Bart Baetens, Chief Investment Officer chez Quaestor, gère le fonds obligataire Conventum Income Opportunities, qui comptabilise 210 millions d’euros d’actifs sous gestion.

En 2017, votre fonds obligataire affichait un rendement de 4,4%. Comment avez-vous réussi à obtenir ce résultat dans le contexte de taux bas que nous connaissons?

À partir du second semestre 2016, nous avons commencé à acheter des obligations perpétuelles, en particulier celles émises par des banques et des assureurs. En 2017, ces obligations se sont bien comportées. Par ailleurs, certaines émissions ont été rachetées par les émetteurs avec une belle prime, tandis que le marché a réagi positivement aux résultats des élections aux Pays-Bas, en Allemagne et surtout en France. Vers la fin de l’année, nous avons considérablement réduit ces positions et pris nos bénéfices. Nous avons ensuite participé à plusieurs émissions de plus petite taille, comme l’obligation convertible de Greenyard. Près d’un tiers de notre fonds est investi en ligne directe dans des obligations belges. En tant que gestionnaire belge, nous estimons, tout comme nos clients, qu’il est important de soutenir l’économie de notre pays. À souligner également les frais de gestion réduits, soit 0,50% dans notre cas.

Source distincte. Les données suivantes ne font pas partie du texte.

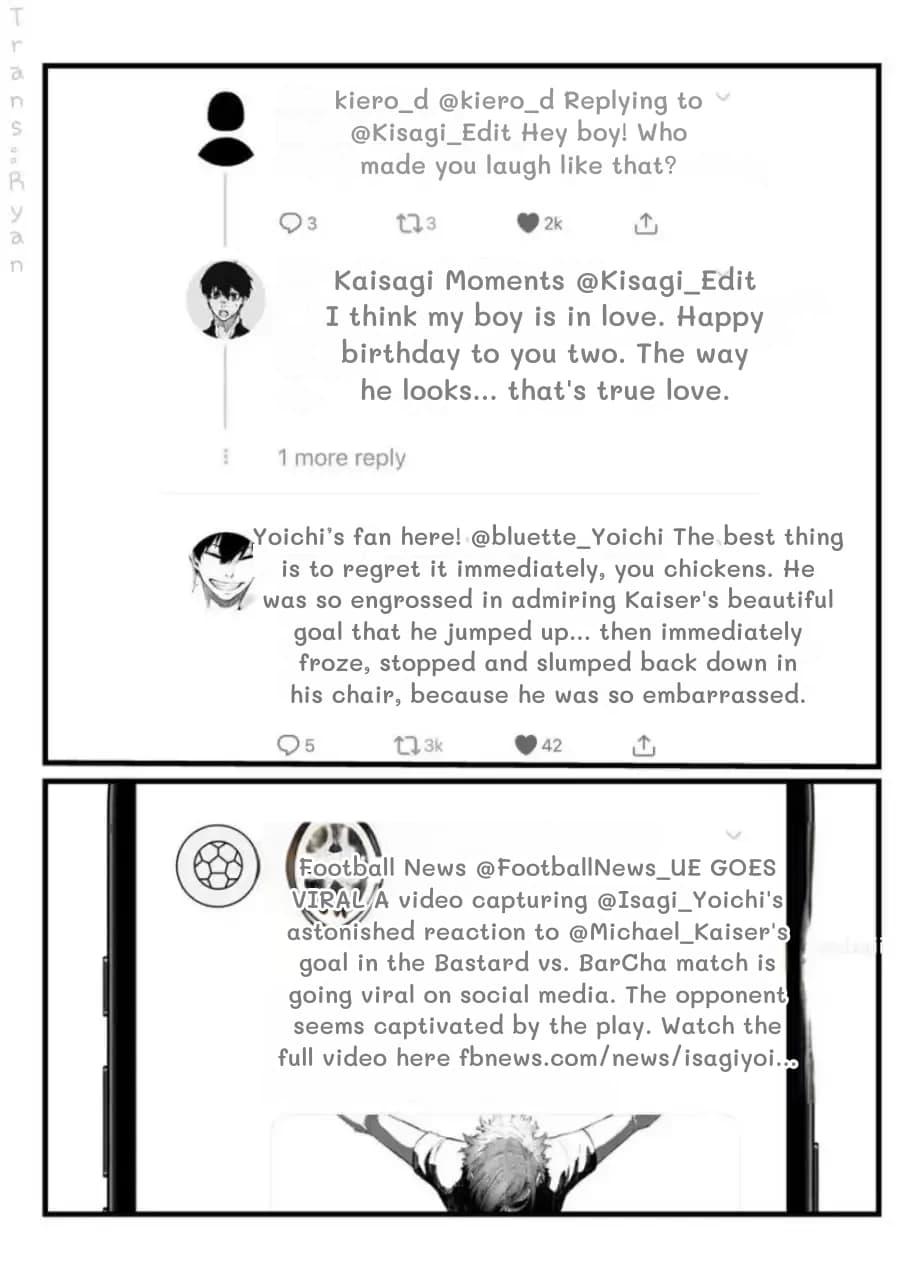 kiero_d @kiero_d Replying to @Kisagi_Edit Hey boy! Who made you laugh like that?
Kaisagi Moments @Kisagi_Edit I think my boy is in love. Happy birthday to you two. The way he looks... that's true love.
Yoichi’s fan here! @bluette_Yoichi The best thing is to regret it immediately, you chickens. He was so engrossed in admiring Kaiser's beautiful goal that he jumped up... then immediately froze, stopped and slumped back down in his chair, because he was so embarrassed.
Football News @FootballNews_UE GOES VIRAL A video capturing @Isagi_Yoichi's astonished reaction to @Michael_Kaiser's goal in the Bastard vs. BarCha match is going viral on social media. The opponent seems captivated by the play. Watch the full video here fbnews.com/news/isagiyoi...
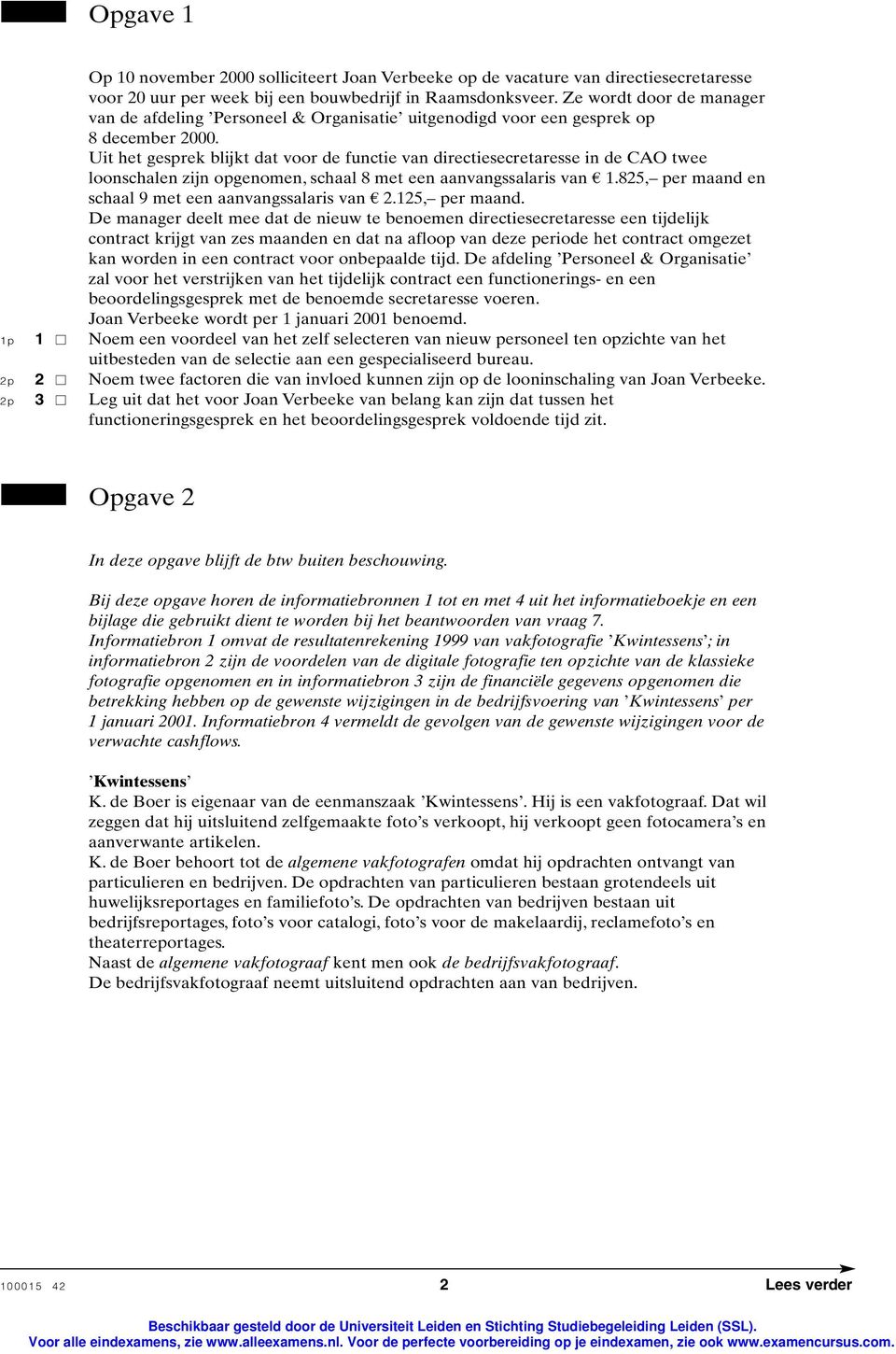 Uit het gesprek blijkt dat voor de functie van directiesecretaresse in de CAO twee loonschalen zijn opgenomen, schaal 8 met een aanvangssalaris van 1.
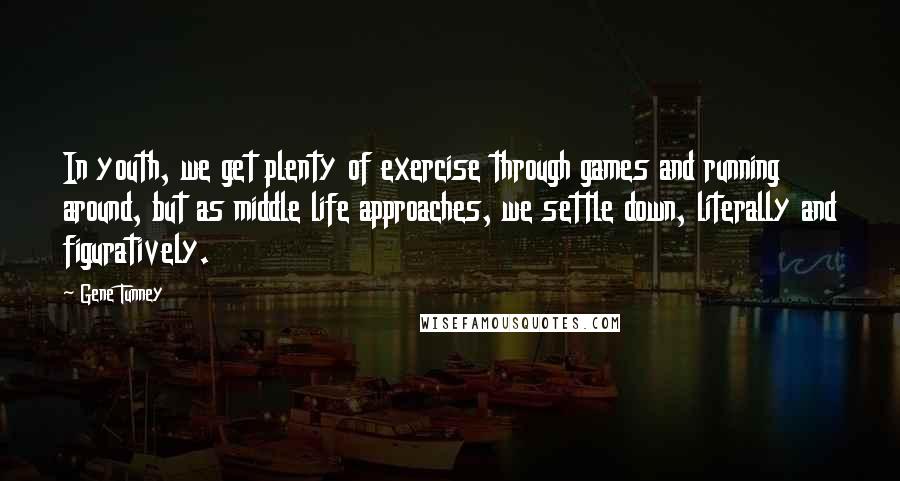 Gene Tunney Quotes: In youth, we get plenty of exercise through games and running around, but as middle life approaches, we settle down, literally and figuratively.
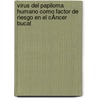 Virus Del Papiloma Humano Como Factor De Riesgo En El CÁncer Bucal door Gabriela Anaya Saavedra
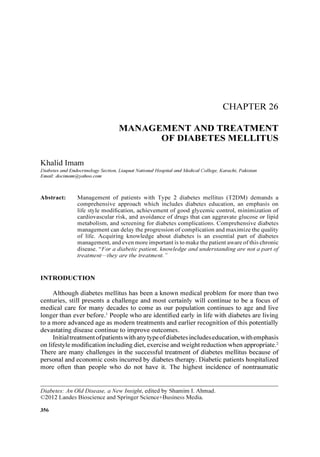 CHAPTER 26
MANAGEMENT AND TREATMENT
OF DIABETES MELLITUS
Khalid Imam
Diabetes and Endocrinology Section, Liaquat National Hosp ital and Medical College , Karachi, Pakistan
Email: docimam@yahoo.com
Abstract: Management of pati ent s with Type 2 diab etes mellitus (T2DM) demands a
comprehensive approach whi ch includes diabetes education, an emphasis on
life style modification, achievement of good glycemic control, minim ization of
cardiovascul ar risk, and avoidance of drugs that can aggravate glucose or lipid
metabolism, and screening for diabetes complications, Comprehensive diabetes
management can delay the progression ofcomplication and maxim ize the quality
of life. Acquiring knowledg e about diabetes is an essential part of diab etes
management, and eve n more important is to make the patient aware ofthis chronic
disease, "For a diab etic patient, knowledge and understanding are not a part of
treatm ent-they are the treatm ent. "
INTRODUCTION
Although diabetes mellitus has been a known medical problem for more than two
centuries, still presents a challenge and most certainly will continue to be a focus of
medical care for many decades to come as our population continues to age and live
longer than ever before .I People who are identified early in life with diabetes are living
to a more advanced age as modern treatments and earlier recognition of this potentially
devastating diseas e continue to improve outcomes.
Initial treatment ofpatients with any type ofdiabetes includes education,with emphasis
on lifestyle modification including diet, exercise and weight reduction when appropriate.'
There are many challenges in the successful treatment of diabetes mellitus because of
personal and economic costs incurred by diabetes therapy. Diabetic patients hospitalized
more often than people who do not have it. The highest incidence of nontraumatic
Diabetes: An Old Disease, a New Insight, edited by Shamim L Ahmad.
©2012 Landes Bioscience and Springer Science+Business Media.
356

En 2017, certains fonds obligataires ont souffert du recul du dollar. Quelle est votre position par rapport aux devises étrangères?

Vu que nos clients investissent en euro et qu’il s’agit d’un fonds défensif, nous voyons les devises étrangères comme un complément à notre stratégie. Nos investissements en devises sont surtout des obligations en dollar et autres devises fortes comme la livre sterling, la couronne norvégienne et le franc suisse. Dans certains cas, nous prenons des positions limitées dans d’autres devises. Par exemple, en 2017, juste avant la décision de la banque centrale de laisser flotter la monnaie, nous avons acheté des couronnes tchèques. Si le rendement compense suffisamment le risque, nous pouvons envisager de prendre des positions dans des devises plus "exotiques", comme la livre turque ou le réal brésilien.

Comment pensez-vous obtenir du rendement en 2018?

Malgré notre abondante trésorerie – en prévision de la hausse des taux – le rendement résiduel du portefeuille, soit 2,67%, est suffisamment élevé pour obtenir un beau résultat en 2018, toutes choses restant égales. Cette année, la Banque Centrale Européenne devrait relâcher les gaz, ce qui pourrait provoquer un peu plus de volatilité sur les marchés et donc générer de nouvelles opportunités. Si nous faisons face à des chocs soudains en 2018, nous pensons nous couvrir avec des produits dérivés. Nous accordons cependant beaucoup plus d’importance à l’élaboration d’un portefeuille qui nous protège contre une hausse des taux. Par exemple, 54% des obligations en portefeuille viendront à échéance dans les trois ans et pas moins de 80% dans les cinq ans.